If this occurs then a varus or valgus deformity of the hind-foot maybe seen. (17) In a study by Spraul & Koenning, 144 children with JIA presented with foot problems including inflammation, limitation and malalignment; 94% of the subjects had one or more foot problems, with 73% having a pronated rear-foot and mid-foot. (17)
The hip is also prone to overgrowth and deformity, often a shortening of the femoral neck, and persistent anteversion can be seen. (18,19)

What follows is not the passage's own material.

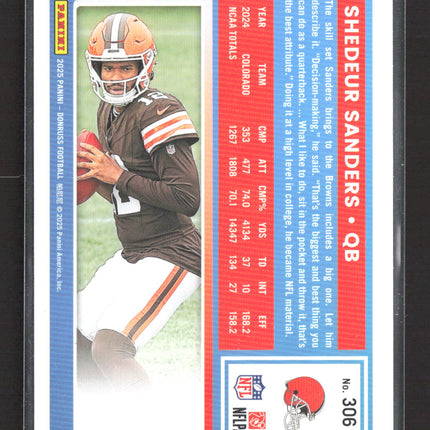 2025 Panini Donruss Shedeur Sanders #306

Further reports of children with JIA being predisposed to osteopenia have been highlighted in past research. Osteopenia results as a decrease in bone mineral density can occur with the long-term use of steroid treatment. (20,21) Studies that have looked at prolonged periods of immobility, which is often see in JIA patients, found that the lack of physical exertion leads to a decreased mechanical (effects of muscle contraction and force) stress on the bone. This lack of mechanical stress appears to increase bone resorption without a reciprocal increase in osteoblastic activity, (22) resulting in a decreased bone mineral density.
Exercise in general seems to play an integral role in managing active inflammatory joints and maintaining a healthy muscular system. Studies that have looked at periods of reduced physical activity have shown that muscle atrophy will occur, (23) along with a reduction in muscle strength, localised atrophy and weakness all noted in the muscles located close to active joint synovitis. (24-26) This can frequently be seen around the knee, with a wasting of the quadriceps muscle group (see Figure 3).